Downhome
- Cover of the November 2022 issue
- Categories: Regional magazine
- Frequency: Monthly
- First issue: 1988; 38 years ago
- Company: Downhome Inc.
- Country: Canada
- Based in: St. John's, Newfoundland and Labrador
- Language: English
- Website: www.downhomelife.com
- ISSN: 1717-6786
- OCLC: 1083332463

= Downhome =

Newfoundland and Labrador magazine

Downhome, formerly The Downhomer, is a magazine published by a company with the same name monthly in St. John's, Newfoundland and Labrador, Canada.

==History and profile==
The magazine was started in 1988 with the name Downhomer Newspaper. It focuses on lifestyle in Newfoundland and Labrador, with columns like Notes From Home, Family & Friends, Discovery, Healthy Living, Food & Leisure and features submissions by its reader in the forms of stories, poems, photos or letters.
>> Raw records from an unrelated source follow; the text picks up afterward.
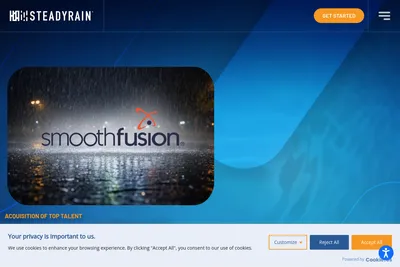 Screenshot of the SteadyRain homepage
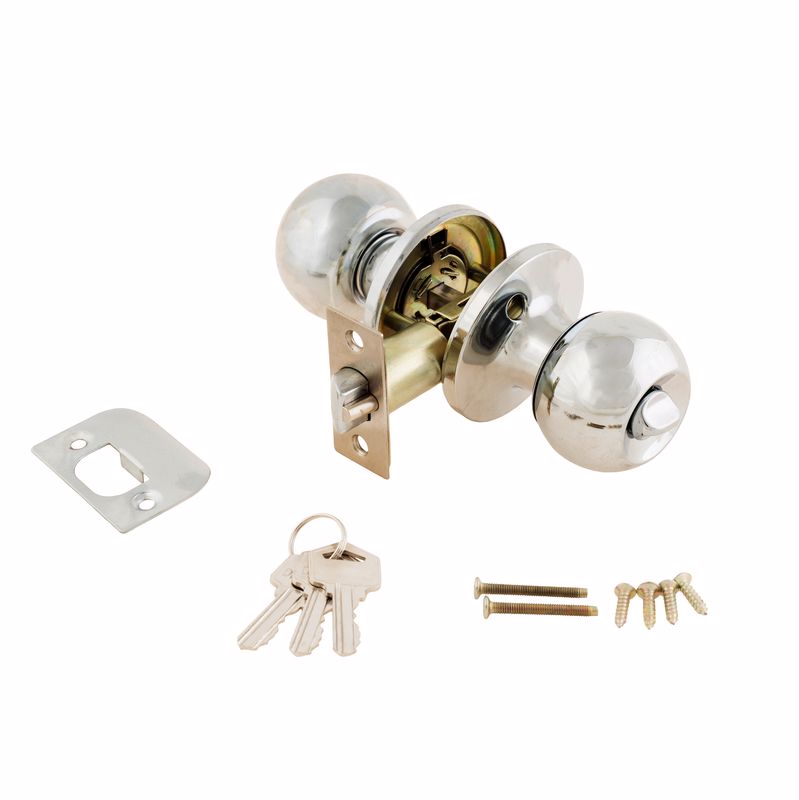 Door Knob assembly with bolts and screws on White Background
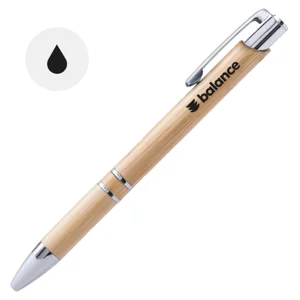 Penna a sfera in bambù con finiture cromate e meccanismo a scatto e refill nero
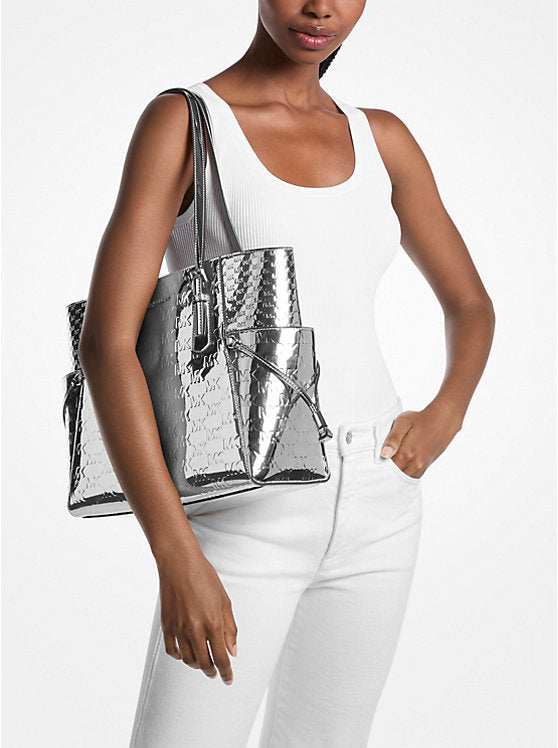 Women's Michael Kors Voyager Large Patent Logo Debossed Tote Bag SILVER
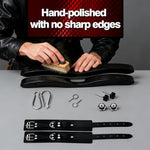 Adjustable Wooden Testicle Crusher CBT Bondage Gear Set with Shackles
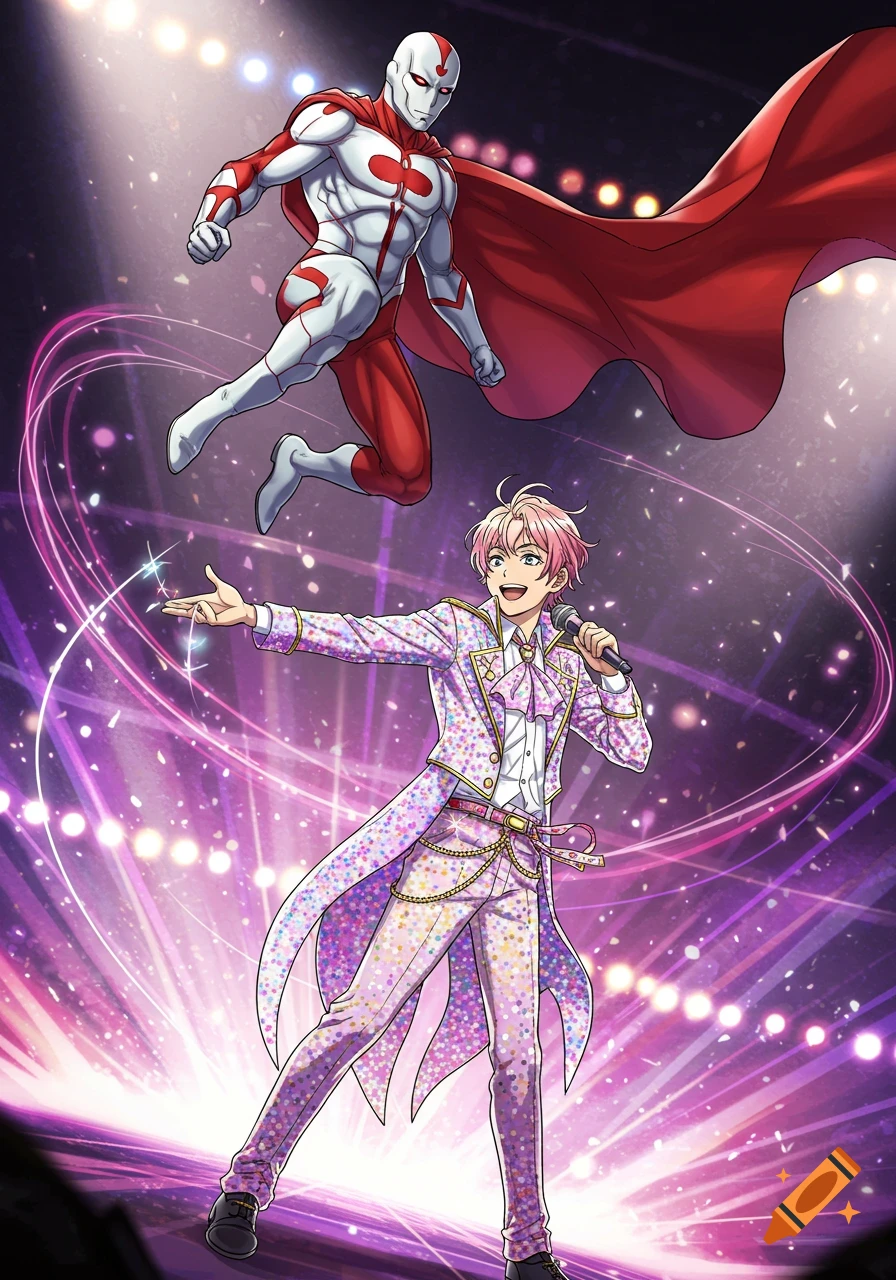 An anime superhero in a red and white suit floats above an idol singer with pink hair in a sparkly costume on a purple-lit stage.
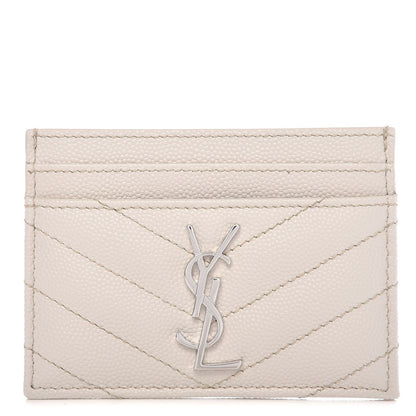 Saint Laurent Grain De Poudre Matelasse Chevron Card Case Icy White 1 of 8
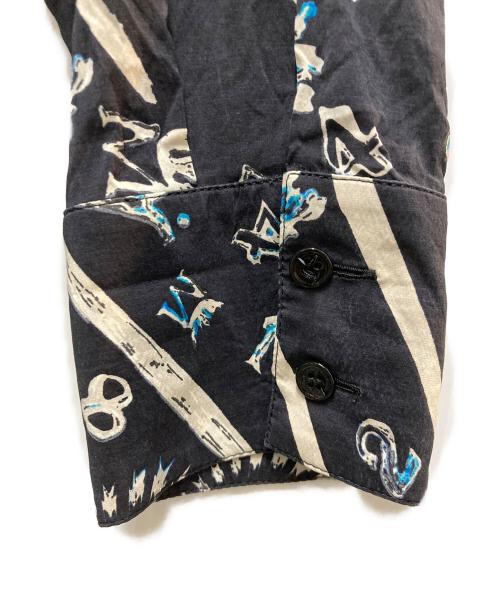 BALENCIAGA（バレンシアガ）BALENCIAGA (バレンシアガ) シルク混総柄シャツ ネイビー サイズ:36の古着・服飾アイテム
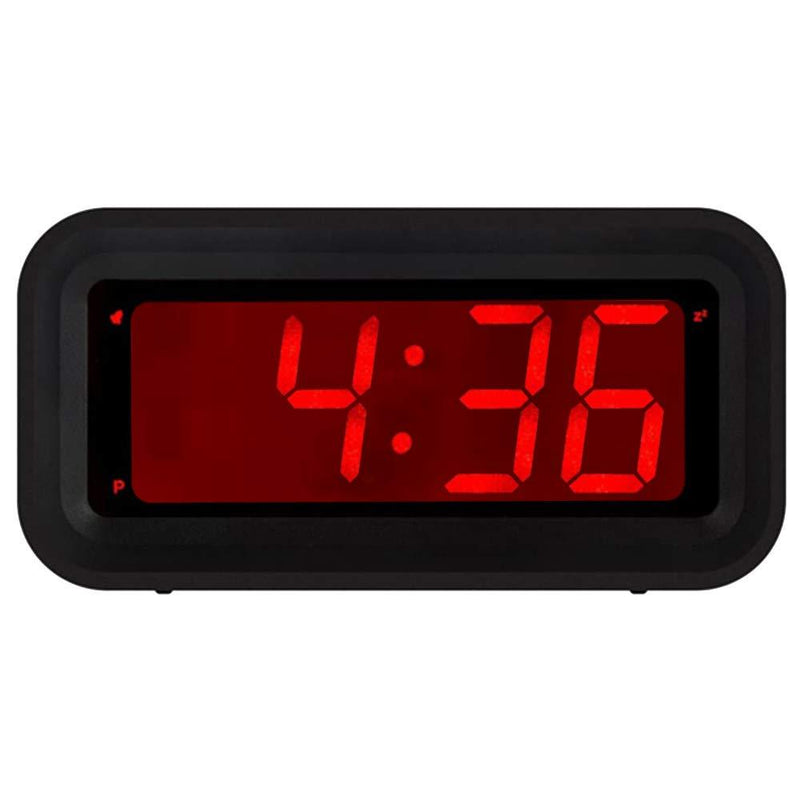 KWANWA Digital Alarm Clock Battery Operated Only with 1.2 Inch Red LED Display, Adjustable Brightness, for Bedroom, Bedside, Desk, Shelf, Travel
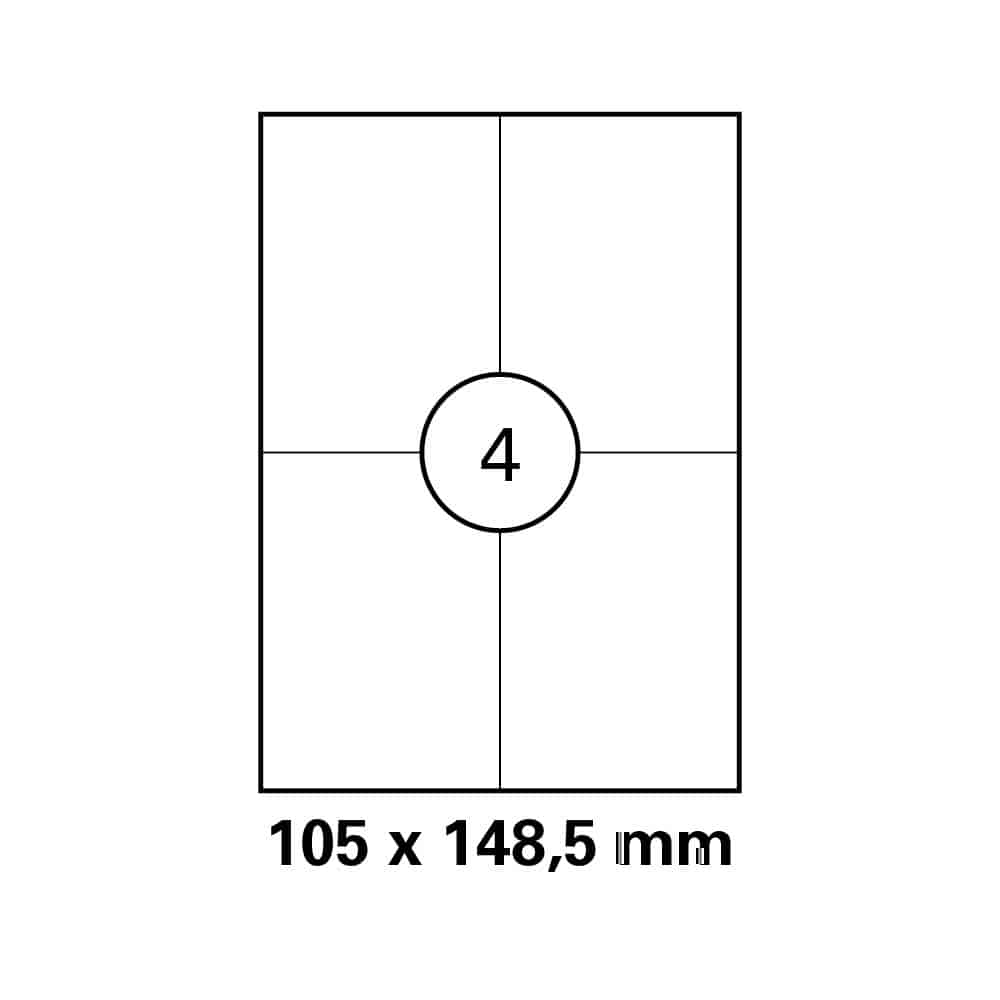 A4 stickervel 105,0 x 148,5 mm - 4 etiketten per vel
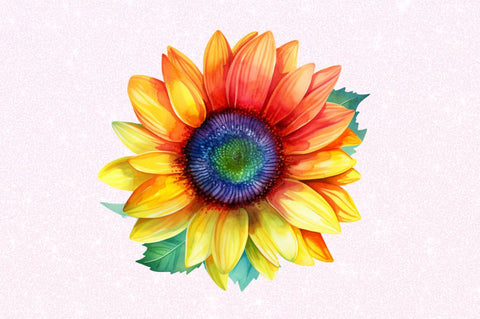 Sunflower Rainbow Watercolor Clipart Sublimation Regulrcrative 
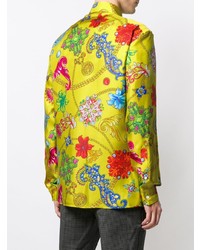Chemise à manches longues à fleurs jaune Versace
It is the largest paid circulation magazine in Atlantic Canada and is #31 among all paid circulation magazines in Canada. More than 50,000 copies of the magazine are published each month and are distributed worldwide. The magazine started as a tabloid publication in the Greater Toronto Area.

To complement the magazine, there are also two Downhome stores, one located in St. John's and the other in Twillingate. The company also sells items worldwide via its website and runs fundraisers for organizations and schools selling subscriptions and goods.